**YOUR INSTRUCTIONS**
Set down the lines below, exactly, starting at the one that contains "Kia K5 2023, 84923" and stopping at the last line, inclusive. Omit pictures.

**MATERIAL PROVIDED**
**********

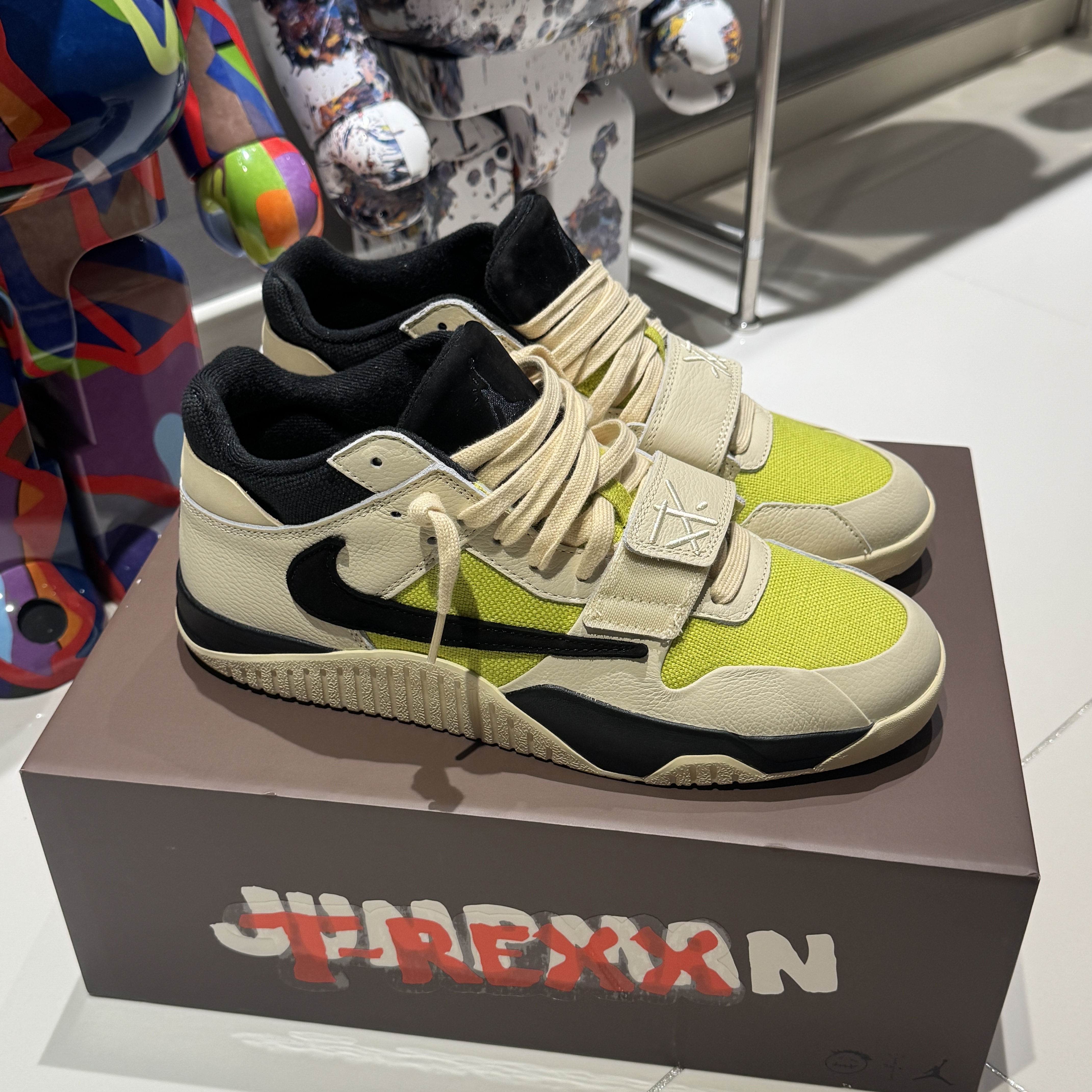 Jordan x Travis Scott Jumpman Jack TR Bright Cactus 착용 스타일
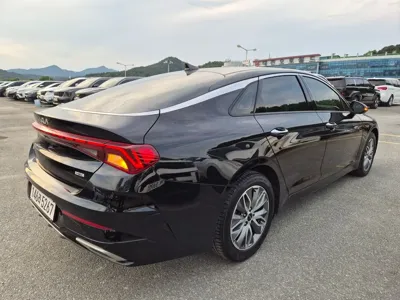 Kia K5 2023, 84923 км, за 11896.24 USD - фото 6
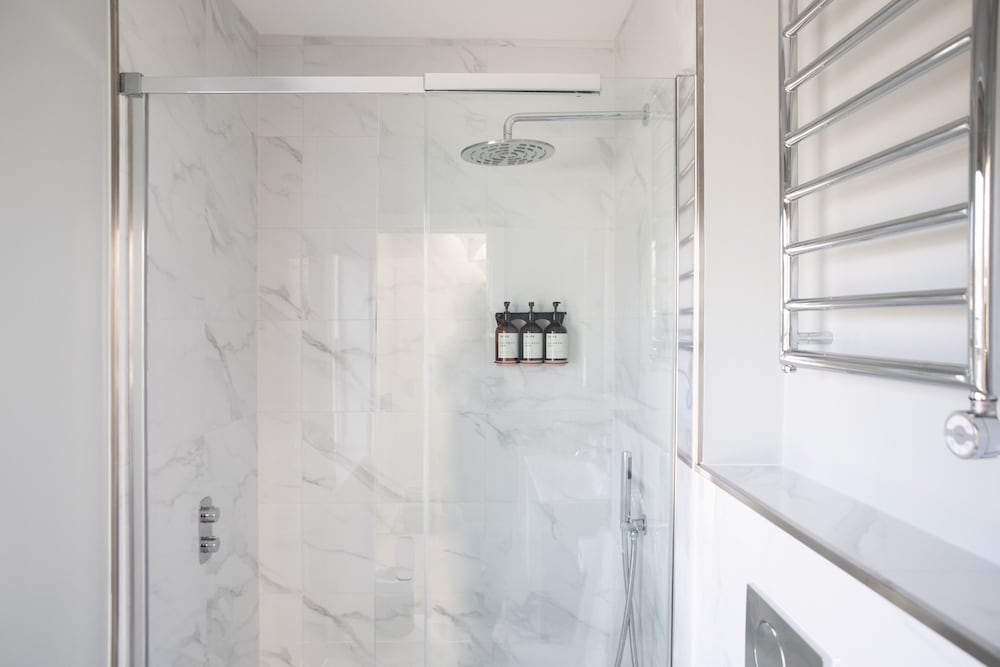 Gulaid House Knightsbridge by Bob W London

**********

**RESPONSE**
 Kia K5 2023, 84923 км, за 11896.24 USD - фото 6
 Gulaid House Knightsbridge by Bob W London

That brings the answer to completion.